Other people who have seen the lights over the centuries believe them to be aliens. The mountain is either a home for aliens or a beacon/favorite landing place for them. The TV show The X-Files even did an episode on the Brown Mountain Lights using aliens as an explanation for them. The lights are still shining on Brown Mountain today, and no definitive explanation has ever been made for them.
Normie the Lake Monster
Lake Norman in North Carolina is home to one of the many deep lake monsters around the world. Called Normie, this lake monster has sightings that go back for at least a century, maybe more. Those who have seen it describe Normie as having the appearance of a hybrid of an eel, alligator, snakehead fish, and catfish. It is at least ten feet long.
No one knows just what Normie is, which is pretty standard for deep lake monsters. The most recent reported sighting was in 2015. At that time, a park ranger saw a strange-looking animal eating the remains of a duck. The ranger said the monster was like the Loch Ness Monster in appearance, only smaller. Other people reported seeing Normie around the same time as the ranger. If you go to Lake Norman, you might spy Normie rising up out of his water home, too. Be sure to bring a camera, just in case he makes an appearance for you.
The Roan Mountain Ghost Choir
On the border between North Carolina and Tennessee is a five-mile-long ridge known as Roan Mountain. The ridge is pretty high, and strong winds at the top are common. At least since the 1700s and maybe before, there have been reports of ghostly singing voices at the peak, along with those winds.
However, no one can seem to agree on whether those voices are angelic or demonic in nature. Whoever hears them seems to hear them differently, and forms their own opinions. Whatever you may think of them if you hear them, there is no doubt that the voices sound like human singing. The ghostly choir can still be heard on the mountain today, and no one knows where it originates.
The Circle Where Nothing Will Grow
In the deep woods of North Carolina, there is a patch of ground where nothing will grow. It remains barren to this day. The legend says its lack of fertility is because it is where Satan comes to dance. According to the legend, any objects placed there overnight will either disappear or be thrown outside the circle as Satan dances. Animals refuse to walk across the barren patch of earth, and some human visitors have claimed to see red eyes peeking out of the center of the circle.
The Ghost of Blackbeard
North Carolina’s coast was a hotbed of pirating in the 1700s, and it was visited by some famous ones, including the legendary Blackbeard.
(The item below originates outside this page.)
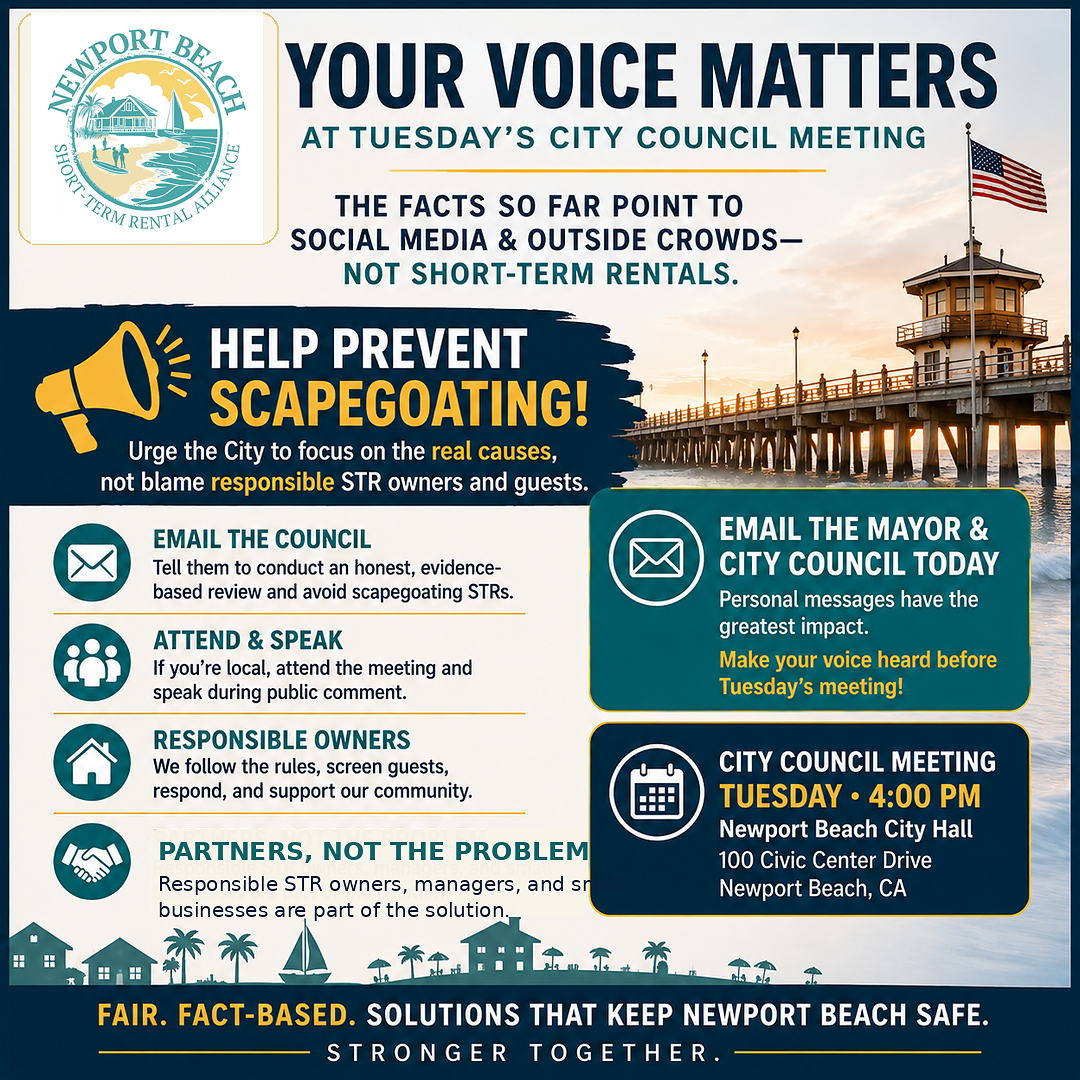 July 4 Council Discussion Tomorrow (July 14): Newport Beach STR Owners and Managers Should Make Their Voices Heard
There is even a small channel on Ocracoke Island known as Teach’s Hole, named after Blackbeard, whose real name was Edward Teach. The legend says that Teach’s Hole was Blackbeard’s favorite place to anchor his ship when he was in the area. His ghost is said to haunt Teach’s Hole today.
If anyone was going to haunt Teach’s Cove, it would be Blackbeard. He was an infamous pirate in his day, terrifying to his crew and civilians alike. He wore fuses braided into his beard and reigned the seas around North Carolina with an iron fist.
He terrorized the citizens so much that the governor of Virginia sent a group of men to find and kill Blackbeard in 1712. They succeeded, surprising the notorious pirate at Teach’s Hole, shooting and stabbing him, then decapitating him. They hung his head from his ship, killed all of his crew members, and threw his body in the water.
His ghost manifests in the form of strange lights just below the surface of the water at Teach’s Hole. These lights are said to be Blackbeard’s ghost searching for his missing head. There are also occasionally sounds like a monster that comes from the cove at Teach’s Hole, and these noises are said to be him. You can still see the lights and hear the noises today, so it seems that Blackbeard has not gone anywhere.